- **Given information**:
..........

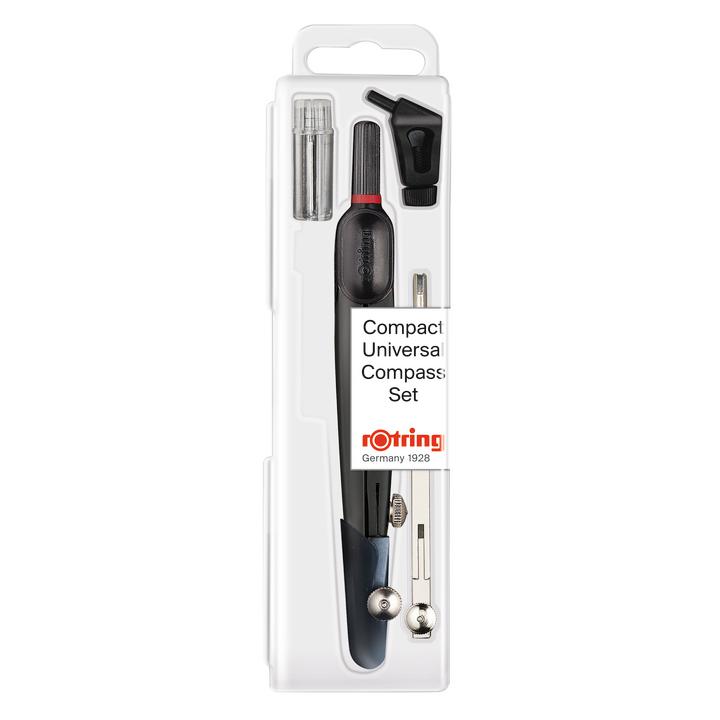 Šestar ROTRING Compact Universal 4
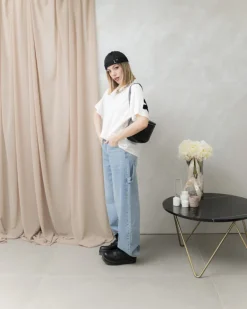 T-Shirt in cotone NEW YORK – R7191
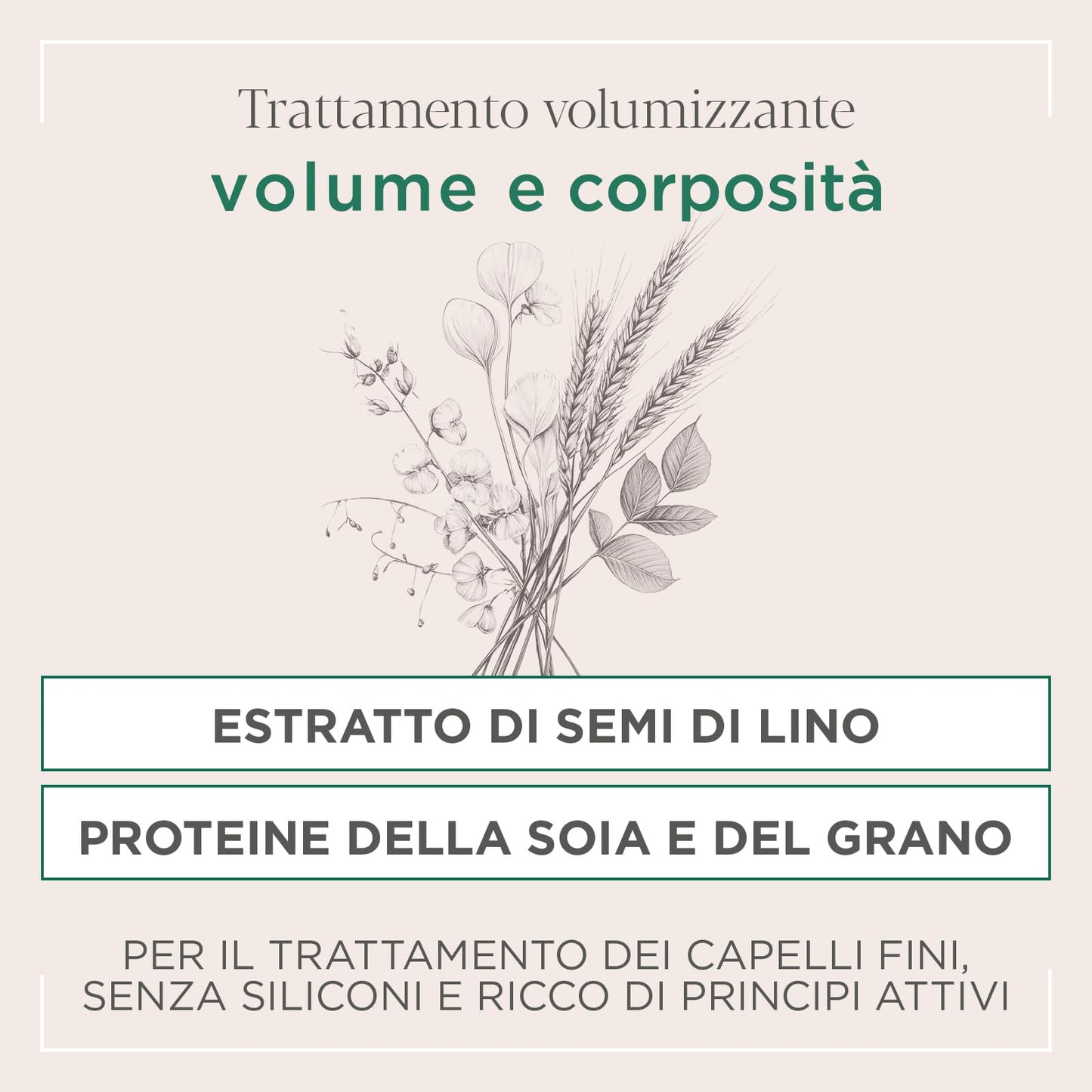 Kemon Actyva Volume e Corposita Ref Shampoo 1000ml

..........

- **Problem statement**:
Copy the listing exactly. Leave the pictures out.

- **Reply to the task**:
 Šestar ROTRING Compact Universal 4
 T-Shirt in cotone NEW YORK – R7191
 Kemon Actyva Volume e Corposita Ref Shampoo 1000ml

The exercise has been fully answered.